Apesar de os inimigos entrarem na cidade e espalharem desolação, não conseguiram entrar no Santuário, uma vez que os Cohanim se haviam

fortificado e continuavam a fazer as oferendas diárias. No 13º dia de Tamuz, os Cohanim não tinham mais ovelhas para a oferenda diária, então

subornaram os soldados que os cercavam com outro e prata em troca de ovelhas. No dia 17 de Tamuz, os soldados pararam de enviar as ovelhas e

pela primeira vez as oferendas diárias foram interrompidas.

 

·  Queima do Livro da Torá - No dia 17 de Tamuz, alguns anos após a destruição do Segundo Templo, durante o período do Procurador Romano

Cumenus, havia uma grande tensão entre romanos e judeus. Flávius Josephus relata a queima do Rolo da Torá por Comenus e suas forças: "Na estrada

real, perto de Beit Horon, ladrões compunham o cortejo de Stephanus, oficial do Império. Comenus enviou suas forças armadas para as cidades

próximas e ordenou a prisão de seus habitantes, que eram então trazidos perante ele. Era seu destino que eles não haviam sido bem sucedidos em

perseguir e capturar ladrões.

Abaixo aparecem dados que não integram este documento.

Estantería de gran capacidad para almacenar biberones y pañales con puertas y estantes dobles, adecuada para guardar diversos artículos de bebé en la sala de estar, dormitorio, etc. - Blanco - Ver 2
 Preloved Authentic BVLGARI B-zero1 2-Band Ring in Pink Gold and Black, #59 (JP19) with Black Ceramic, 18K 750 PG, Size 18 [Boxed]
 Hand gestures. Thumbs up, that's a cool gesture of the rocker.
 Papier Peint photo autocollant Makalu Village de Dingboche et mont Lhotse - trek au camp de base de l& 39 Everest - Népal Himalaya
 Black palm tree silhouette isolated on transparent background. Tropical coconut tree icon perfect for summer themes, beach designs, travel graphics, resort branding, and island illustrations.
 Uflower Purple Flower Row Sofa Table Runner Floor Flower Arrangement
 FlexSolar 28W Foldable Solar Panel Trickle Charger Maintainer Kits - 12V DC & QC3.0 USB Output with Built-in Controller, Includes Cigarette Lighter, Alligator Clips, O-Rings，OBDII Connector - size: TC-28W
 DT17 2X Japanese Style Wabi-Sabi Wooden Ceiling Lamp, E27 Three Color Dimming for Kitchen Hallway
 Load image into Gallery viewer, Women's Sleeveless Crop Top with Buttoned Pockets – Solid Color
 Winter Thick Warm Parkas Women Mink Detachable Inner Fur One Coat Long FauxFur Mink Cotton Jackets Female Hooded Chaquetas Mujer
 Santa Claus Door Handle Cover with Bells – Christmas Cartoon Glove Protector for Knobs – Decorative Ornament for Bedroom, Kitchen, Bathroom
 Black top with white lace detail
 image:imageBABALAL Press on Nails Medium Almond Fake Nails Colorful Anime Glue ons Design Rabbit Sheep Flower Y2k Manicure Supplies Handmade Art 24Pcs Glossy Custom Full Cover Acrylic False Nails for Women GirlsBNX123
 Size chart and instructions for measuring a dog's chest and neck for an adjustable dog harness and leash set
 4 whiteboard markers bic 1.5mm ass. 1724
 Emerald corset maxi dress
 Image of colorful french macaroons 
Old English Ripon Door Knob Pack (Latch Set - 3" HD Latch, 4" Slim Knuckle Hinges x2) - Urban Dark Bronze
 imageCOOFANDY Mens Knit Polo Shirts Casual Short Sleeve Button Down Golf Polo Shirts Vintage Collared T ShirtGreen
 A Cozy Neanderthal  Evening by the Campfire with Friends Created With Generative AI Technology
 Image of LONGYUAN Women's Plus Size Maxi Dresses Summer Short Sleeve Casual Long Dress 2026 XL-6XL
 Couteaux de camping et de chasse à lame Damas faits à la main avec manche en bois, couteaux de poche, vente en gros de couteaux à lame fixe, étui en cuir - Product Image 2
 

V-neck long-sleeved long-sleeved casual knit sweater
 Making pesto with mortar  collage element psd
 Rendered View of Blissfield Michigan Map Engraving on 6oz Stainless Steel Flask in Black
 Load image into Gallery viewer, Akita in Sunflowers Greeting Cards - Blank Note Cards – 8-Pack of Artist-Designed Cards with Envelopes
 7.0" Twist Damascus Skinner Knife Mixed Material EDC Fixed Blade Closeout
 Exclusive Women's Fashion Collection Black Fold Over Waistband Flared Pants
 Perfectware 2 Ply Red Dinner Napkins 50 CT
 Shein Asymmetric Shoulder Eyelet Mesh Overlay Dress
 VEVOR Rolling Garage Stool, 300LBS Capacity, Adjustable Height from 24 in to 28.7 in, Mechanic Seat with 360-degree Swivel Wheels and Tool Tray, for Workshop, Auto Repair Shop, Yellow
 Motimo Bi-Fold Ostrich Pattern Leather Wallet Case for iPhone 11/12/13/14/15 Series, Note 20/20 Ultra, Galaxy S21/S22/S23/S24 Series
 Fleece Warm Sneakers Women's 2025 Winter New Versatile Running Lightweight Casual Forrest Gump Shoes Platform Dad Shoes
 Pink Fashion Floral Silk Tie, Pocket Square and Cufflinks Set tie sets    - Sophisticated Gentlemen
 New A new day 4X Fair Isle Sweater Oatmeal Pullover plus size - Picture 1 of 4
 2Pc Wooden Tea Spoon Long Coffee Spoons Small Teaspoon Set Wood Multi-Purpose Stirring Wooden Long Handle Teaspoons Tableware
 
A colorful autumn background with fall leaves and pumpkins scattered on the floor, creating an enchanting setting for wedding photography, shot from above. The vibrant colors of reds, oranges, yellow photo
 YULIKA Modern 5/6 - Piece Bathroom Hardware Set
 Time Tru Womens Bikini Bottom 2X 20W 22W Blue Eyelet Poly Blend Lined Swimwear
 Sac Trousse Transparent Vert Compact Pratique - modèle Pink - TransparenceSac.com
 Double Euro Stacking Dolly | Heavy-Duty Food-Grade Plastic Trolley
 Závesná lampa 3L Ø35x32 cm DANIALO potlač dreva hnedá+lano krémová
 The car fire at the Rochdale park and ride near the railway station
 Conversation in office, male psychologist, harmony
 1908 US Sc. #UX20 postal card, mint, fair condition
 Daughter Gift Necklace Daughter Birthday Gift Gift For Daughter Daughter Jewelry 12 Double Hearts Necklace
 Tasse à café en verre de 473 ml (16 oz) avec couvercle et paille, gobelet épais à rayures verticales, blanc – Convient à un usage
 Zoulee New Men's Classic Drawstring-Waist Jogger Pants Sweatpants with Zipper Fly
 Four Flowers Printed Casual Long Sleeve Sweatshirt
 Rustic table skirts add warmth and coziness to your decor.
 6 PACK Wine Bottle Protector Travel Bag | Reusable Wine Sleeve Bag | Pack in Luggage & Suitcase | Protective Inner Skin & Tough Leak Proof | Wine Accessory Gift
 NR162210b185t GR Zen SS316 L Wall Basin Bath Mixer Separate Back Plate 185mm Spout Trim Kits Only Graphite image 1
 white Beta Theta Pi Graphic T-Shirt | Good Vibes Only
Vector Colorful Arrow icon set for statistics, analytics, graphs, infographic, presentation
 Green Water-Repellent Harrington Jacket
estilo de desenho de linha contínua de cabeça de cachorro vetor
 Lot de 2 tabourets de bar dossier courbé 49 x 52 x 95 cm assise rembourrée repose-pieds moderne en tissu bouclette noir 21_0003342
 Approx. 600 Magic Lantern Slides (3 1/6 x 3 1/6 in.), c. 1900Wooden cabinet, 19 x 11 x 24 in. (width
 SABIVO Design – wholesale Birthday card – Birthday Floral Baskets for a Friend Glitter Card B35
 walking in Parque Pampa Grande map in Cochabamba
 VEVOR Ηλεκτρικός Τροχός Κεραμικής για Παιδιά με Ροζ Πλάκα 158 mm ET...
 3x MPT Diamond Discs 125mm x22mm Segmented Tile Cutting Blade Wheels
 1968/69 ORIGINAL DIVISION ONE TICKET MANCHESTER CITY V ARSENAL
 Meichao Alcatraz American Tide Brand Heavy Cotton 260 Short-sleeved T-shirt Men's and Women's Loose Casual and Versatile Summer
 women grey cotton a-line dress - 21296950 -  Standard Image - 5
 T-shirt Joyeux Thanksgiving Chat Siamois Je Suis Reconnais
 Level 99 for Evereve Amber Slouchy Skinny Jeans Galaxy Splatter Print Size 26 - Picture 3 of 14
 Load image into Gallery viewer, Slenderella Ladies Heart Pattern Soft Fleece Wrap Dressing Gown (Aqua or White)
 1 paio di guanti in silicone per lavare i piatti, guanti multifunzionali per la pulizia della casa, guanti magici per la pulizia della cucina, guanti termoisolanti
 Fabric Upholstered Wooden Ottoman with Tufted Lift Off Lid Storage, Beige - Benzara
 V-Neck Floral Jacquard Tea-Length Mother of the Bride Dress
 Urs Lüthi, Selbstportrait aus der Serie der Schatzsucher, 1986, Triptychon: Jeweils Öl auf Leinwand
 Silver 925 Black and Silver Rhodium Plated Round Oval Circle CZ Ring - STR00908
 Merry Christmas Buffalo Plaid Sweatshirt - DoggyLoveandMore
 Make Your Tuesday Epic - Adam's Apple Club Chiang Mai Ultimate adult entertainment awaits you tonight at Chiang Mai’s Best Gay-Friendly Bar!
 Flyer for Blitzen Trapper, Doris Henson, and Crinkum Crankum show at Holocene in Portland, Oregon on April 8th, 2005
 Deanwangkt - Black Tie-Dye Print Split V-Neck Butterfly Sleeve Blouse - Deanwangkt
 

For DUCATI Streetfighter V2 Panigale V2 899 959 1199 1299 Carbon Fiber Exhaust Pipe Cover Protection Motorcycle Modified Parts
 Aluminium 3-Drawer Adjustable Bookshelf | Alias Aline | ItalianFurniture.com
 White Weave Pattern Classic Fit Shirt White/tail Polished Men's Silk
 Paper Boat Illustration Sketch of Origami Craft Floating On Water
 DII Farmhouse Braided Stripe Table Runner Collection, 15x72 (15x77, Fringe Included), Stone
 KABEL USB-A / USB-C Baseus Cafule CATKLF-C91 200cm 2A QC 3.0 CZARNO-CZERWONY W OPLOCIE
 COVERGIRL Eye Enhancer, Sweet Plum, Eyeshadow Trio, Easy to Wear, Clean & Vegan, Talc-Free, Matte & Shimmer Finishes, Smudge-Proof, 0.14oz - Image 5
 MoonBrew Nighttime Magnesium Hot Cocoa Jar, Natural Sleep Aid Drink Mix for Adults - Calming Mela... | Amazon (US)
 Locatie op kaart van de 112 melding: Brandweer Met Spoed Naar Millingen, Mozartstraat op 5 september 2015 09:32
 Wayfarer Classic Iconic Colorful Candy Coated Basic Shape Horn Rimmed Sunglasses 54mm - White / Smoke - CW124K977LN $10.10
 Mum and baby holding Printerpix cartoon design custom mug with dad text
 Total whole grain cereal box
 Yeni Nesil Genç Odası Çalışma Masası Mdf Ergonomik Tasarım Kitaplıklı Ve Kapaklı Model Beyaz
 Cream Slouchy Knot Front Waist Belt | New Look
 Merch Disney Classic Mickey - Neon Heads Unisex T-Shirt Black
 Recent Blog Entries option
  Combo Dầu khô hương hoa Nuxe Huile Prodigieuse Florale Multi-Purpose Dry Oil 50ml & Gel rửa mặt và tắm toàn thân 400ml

Um dos soldados tirou o Rolo da Torá de uma das aldeias, rasgou-o e jogou-o no fogo... De todos os lados os judeus

se reuniam tremendo, como se toda sua terra estivesse ardendo em fogo”.

 

·   Um ídolo é colocado no Templo – Acredita-se que Apóstomos, oficial Romano, colocou um ídolo no Segundo Tempo, também no dia 17

de Tamuz.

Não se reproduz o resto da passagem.